- Data in this exercise
- - - - - - -

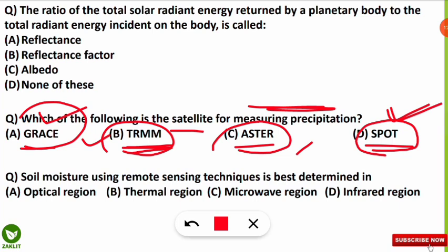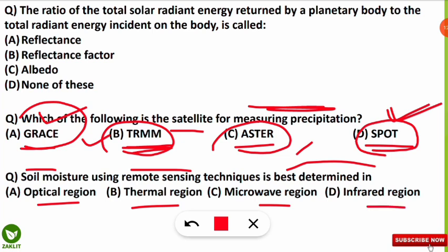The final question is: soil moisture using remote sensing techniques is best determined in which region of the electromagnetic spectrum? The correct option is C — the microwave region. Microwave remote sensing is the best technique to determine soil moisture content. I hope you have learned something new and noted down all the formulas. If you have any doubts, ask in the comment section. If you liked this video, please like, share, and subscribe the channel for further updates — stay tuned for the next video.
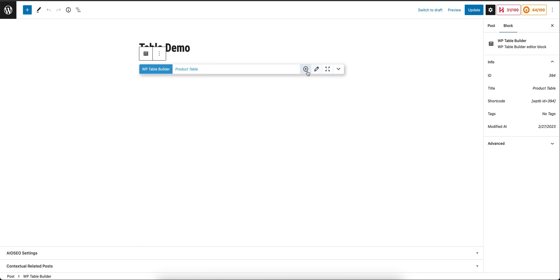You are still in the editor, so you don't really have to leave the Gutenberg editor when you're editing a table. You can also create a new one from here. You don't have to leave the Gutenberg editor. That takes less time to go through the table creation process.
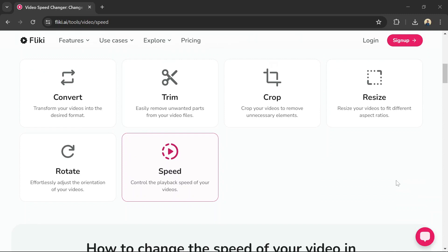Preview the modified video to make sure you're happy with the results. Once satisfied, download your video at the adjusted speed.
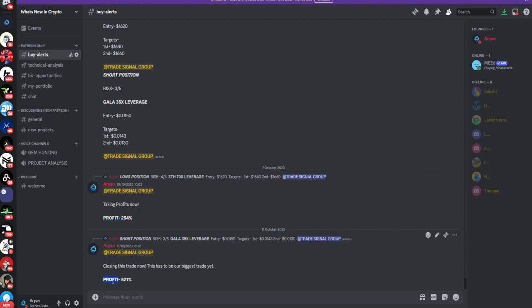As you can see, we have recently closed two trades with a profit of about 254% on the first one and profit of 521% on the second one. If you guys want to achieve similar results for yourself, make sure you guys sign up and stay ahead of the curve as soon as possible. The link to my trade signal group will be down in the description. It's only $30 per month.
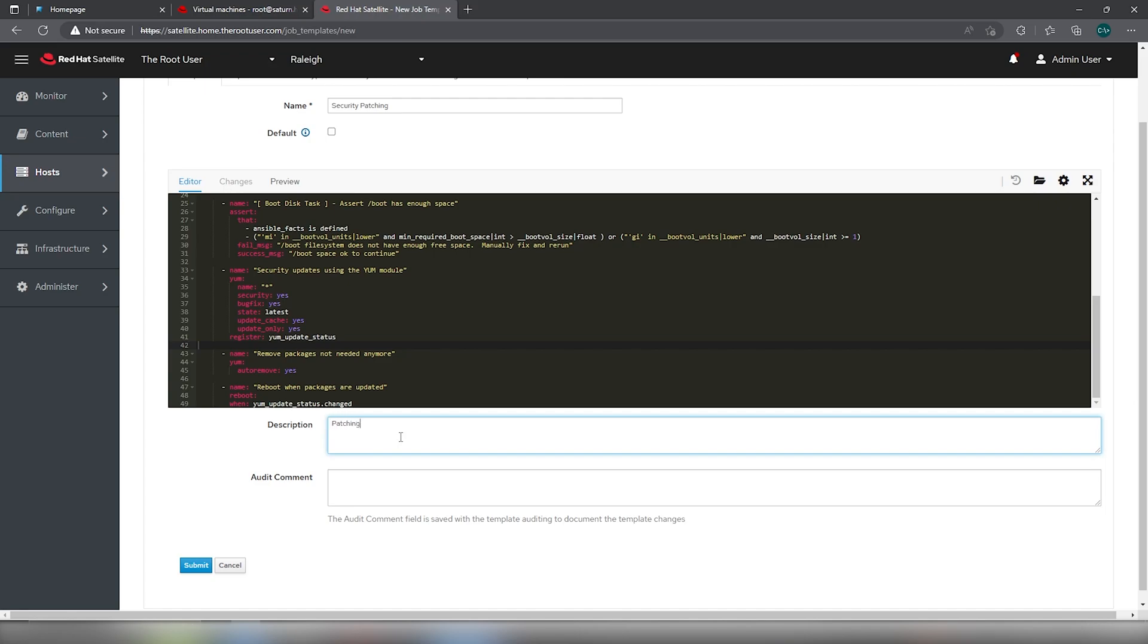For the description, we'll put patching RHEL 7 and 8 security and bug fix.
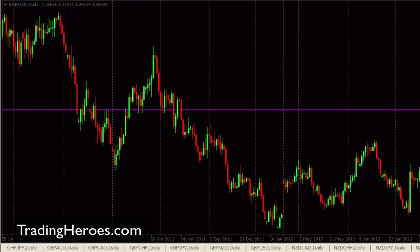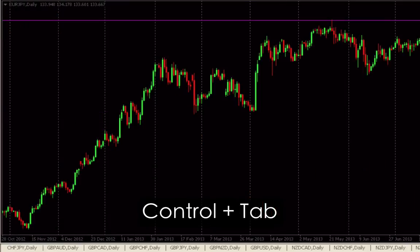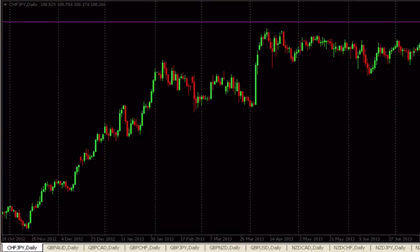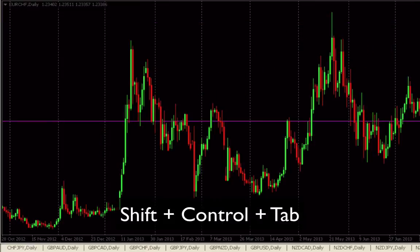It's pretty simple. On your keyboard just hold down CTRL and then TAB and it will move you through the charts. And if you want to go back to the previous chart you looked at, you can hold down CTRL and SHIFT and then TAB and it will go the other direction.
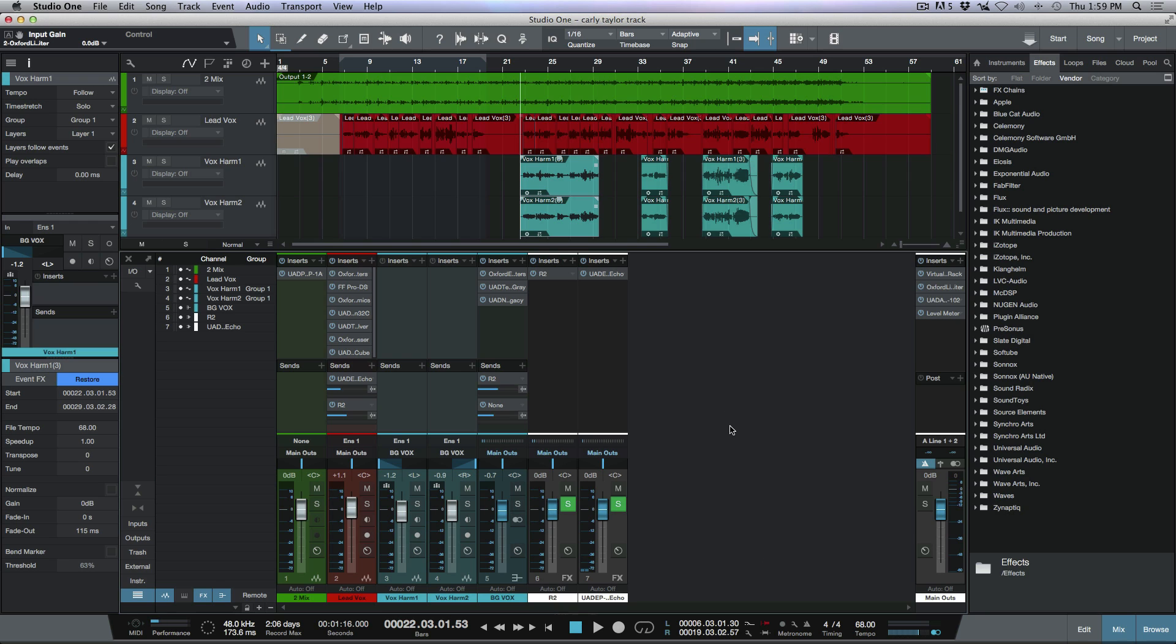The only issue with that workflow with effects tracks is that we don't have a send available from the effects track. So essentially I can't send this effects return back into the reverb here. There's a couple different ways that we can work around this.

- - - - - - -

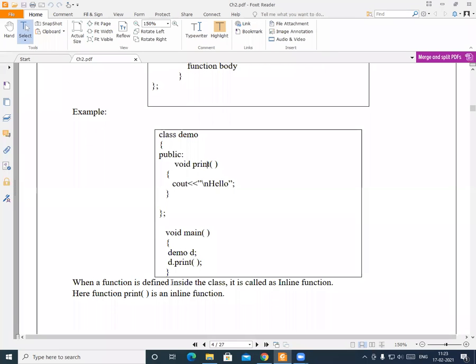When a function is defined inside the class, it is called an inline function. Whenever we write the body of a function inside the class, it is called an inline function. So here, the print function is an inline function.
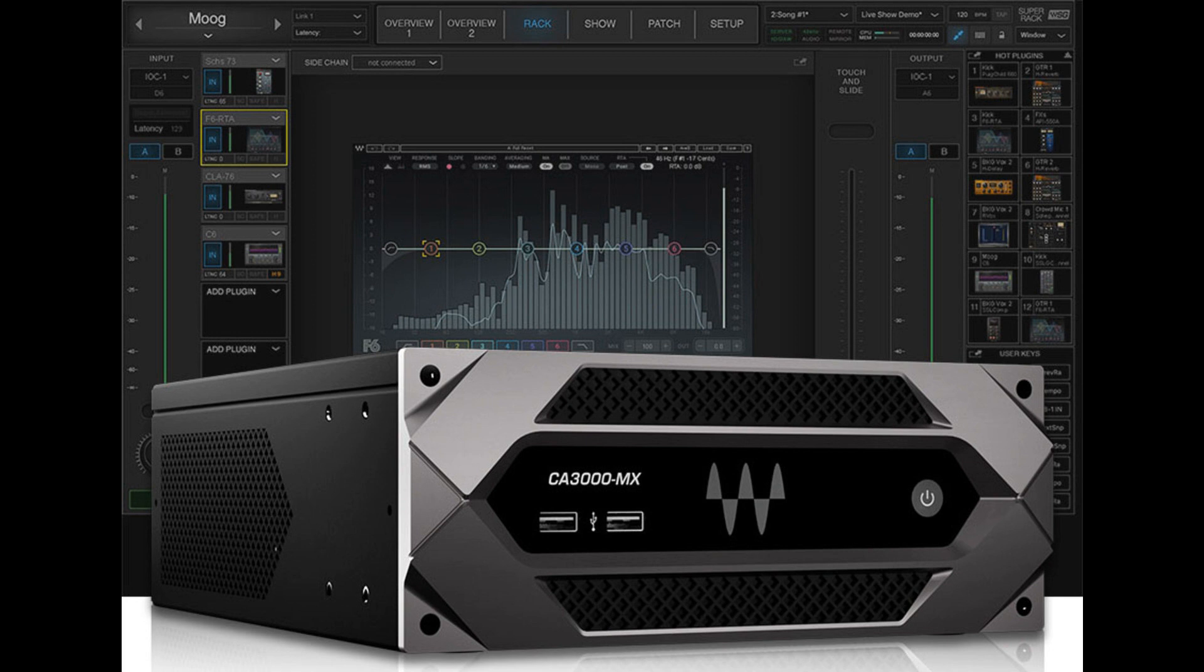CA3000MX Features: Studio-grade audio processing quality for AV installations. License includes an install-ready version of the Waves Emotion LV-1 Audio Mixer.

- - - - - - -

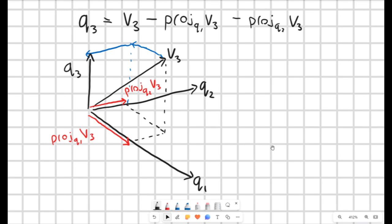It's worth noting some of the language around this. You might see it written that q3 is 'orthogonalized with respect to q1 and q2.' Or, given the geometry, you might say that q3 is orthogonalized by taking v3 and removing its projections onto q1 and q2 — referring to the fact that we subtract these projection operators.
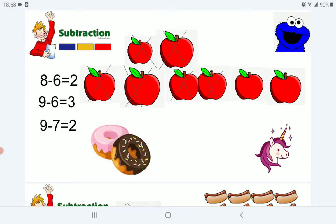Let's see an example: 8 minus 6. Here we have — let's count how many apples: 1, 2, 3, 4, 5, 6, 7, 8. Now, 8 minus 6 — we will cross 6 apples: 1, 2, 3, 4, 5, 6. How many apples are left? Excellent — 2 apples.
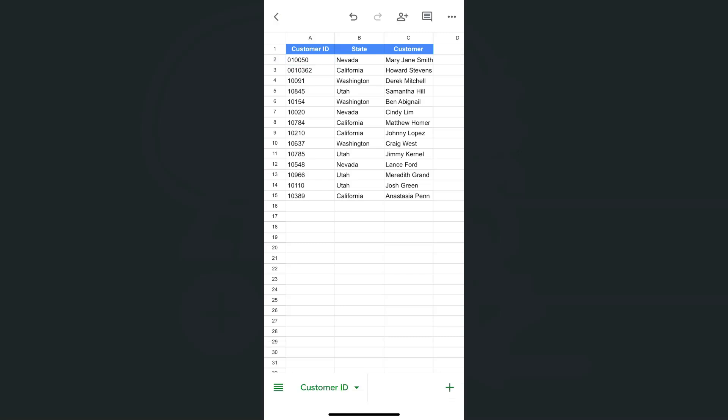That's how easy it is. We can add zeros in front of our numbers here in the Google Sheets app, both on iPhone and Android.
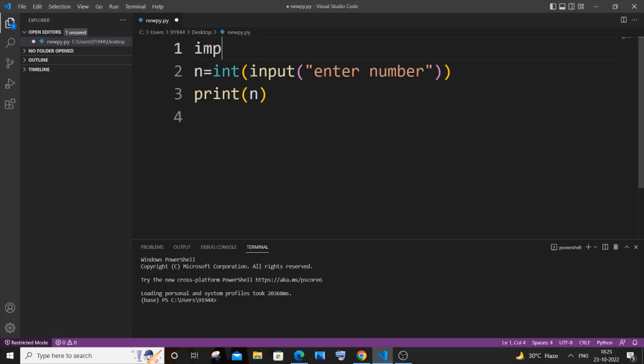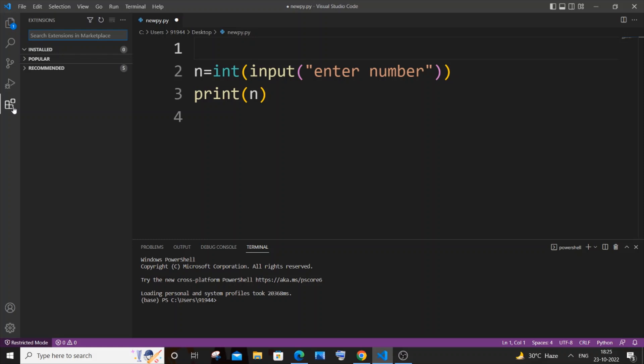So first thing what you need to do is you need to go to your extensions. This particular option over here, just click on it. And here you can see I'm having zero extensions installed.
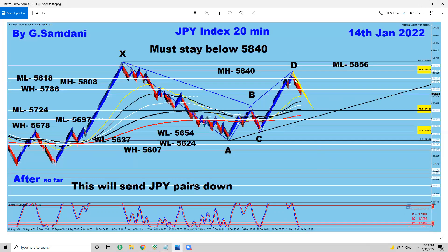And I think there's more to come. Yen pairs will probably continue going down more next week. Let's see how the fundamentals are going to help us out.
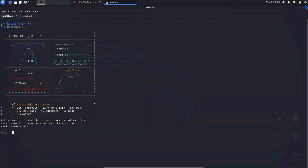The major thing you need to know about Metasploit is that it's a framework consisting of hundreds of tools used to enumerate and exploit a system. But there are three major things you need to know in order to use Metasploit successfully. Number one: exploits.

- - - - - - -

- What the task asks
Only the lines above starting with the line with "Let's see an" and going on through the line with "That's how easy" belong in the answer; repeat them exactly, minus any picture.

- Solved exercise
Let's see an example: 8 minus 6. Here we have — let's count how many apples: 1, 2, 3, 4, 5, 6, 7, 8. Now, 8 minus 6 — we will cross 6 apples: 1, 2, 3, 4, 5, 6. How many apples are left? Excellent — 2 apples.
That's how easy it is. We can add zeros in front of our numbers here in the Google Sheets app, both on iPhone and Android.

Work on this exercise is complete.